There was none of the merry jesting that usually marked our meals, and when the table was cleared every officer went to his stateroom, and I think each of us wrote some lines to his nearest and dearest in anticipation of what might happen before we saw another sun. I know, at least, that I wrote such a letter. Then lights were extinguished and all was quiet throughout the ship; such absolute quiet as is never found except just before a battle.

It seemed to me that I had scarcely closed my eyes when the quartermaster, with his hooded lantern, touched me, and said quietly, “All hands, sir!”

I hastened on deck. The night was dark and the air was chill. Officers and men were hurriedly but quietly going to their stations for action, which in our case was at the port battery.

My own division was amidships, where I had four 9-inch guns. My men came to their stations stripped for work, some of them without their shirts, their monkey-jackets knotted by the sleeves, hanging loosely about their shoulders.

Guns were at once cast loose and provided, and then all stood quietly awaiting developments. In the mean time our anchor was hove short, and we only waited the order to trip it and steam ahead. Down in the engine-room I could see, by the hatch near one of my guns, that the engineers were also on the alert, and the indicator showed that we had a heavy pressure of steam on.

Ah! here comes the Hartford, steaming up on our starboard quarter. As she comes abreast of us, our anchor is tripped, hove up, and we fall into place, a cable’s length astern of her, and steam ahead.

The other two divisions are dimly seen moving up in echelon.
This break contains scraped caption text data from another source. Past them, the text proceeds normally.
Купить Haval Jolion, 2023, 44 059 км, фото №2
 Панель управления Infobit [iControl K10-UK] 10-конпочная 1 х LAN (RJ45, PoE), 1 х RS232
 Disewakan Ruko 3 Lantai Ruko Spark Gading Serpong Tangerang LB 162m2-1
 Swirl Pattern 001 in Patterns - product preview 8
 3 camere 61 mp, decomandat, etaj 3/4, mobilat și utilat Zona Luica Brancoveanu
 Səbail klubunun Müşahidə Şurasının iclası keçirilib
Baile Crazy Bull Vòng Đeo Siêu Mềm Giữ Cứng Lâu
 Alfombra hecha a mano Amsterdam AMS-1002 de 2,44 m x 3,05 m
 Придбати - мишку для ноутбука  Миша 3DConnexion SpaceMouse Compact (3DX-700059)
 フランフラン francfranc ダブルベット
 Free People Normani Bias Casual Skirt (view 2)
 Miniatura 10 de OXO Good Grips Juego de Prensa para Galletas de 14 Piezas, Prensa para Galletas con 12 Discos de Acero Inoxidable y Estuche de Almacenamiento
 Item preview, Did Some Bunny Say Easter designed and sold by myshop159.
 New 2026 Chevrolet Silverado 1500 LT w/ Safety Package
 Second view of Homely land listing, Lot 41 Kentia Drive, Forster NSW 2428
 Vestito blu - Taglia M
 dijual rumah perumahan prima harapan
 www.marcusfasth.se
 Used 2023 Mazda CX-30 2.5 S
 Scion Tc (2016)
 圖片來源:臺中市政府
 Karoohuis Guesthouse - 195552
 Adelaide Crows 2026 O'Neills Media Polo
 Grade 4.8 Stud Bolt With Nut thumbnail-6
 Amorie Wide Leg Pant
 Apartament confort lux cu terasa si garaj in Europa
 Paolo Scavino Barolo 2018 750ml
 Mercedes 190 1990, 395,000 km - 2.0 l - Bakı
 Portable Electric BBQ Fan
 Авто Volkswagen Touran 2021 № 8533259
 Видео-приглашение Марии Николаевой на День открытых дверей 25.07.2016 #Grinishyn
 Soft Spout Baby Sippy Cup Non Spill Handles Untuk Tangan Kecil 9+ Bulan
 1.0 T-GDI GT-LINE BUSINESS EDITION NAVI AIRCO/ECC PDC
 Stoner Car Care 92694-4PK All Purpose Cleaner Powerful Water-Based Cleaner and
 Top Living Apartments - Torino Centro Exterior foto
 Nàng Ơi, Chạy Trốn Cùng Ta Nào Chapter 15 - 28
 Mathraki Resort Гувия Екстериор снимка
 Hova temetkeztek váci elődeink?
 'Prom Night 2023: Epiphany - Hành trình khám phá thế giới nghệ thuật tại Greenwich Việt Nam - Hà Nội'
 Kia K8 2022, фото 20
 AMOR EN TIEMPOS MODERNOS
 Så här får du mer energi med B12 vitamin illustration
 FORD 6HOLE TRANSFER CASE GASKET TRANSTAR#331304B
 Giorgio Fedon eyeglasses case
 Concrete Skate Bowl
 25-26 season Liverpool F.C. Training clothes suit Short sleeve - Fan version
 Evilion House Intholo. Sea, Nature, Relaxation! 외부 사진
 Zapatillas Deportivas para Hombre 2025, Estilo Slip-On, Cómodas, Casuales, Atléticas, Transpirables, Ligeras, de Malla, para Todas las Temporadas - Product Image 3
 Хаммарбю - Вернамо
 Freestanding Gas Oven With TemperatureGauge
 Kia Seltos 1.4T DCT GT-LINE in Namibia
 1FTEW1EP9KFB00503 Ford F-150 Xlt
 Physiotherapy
Everything is done with the utmost silence, save for the thunder of the mortar fleet, which has now gone at it, hammer and tongs, and the air above us is filled with the hurtling shells, made visible in their passage, like comets, by their trains of fire.

As yet our movement has not become known to the enemy, and every instant we are getting nearer to the forts, as yet unharmed.

Ah! they have seen us at last; and Fort Jackson belches out upon the Hartford a hail of shot and shell. We go ahead at full speed! Now we are ourselves under fire, and “Load and fire at will” is the order from the quarter deck!

Our ship throbs with the beat of the engines below and trembles with the shock from the continuous fire of our great guns.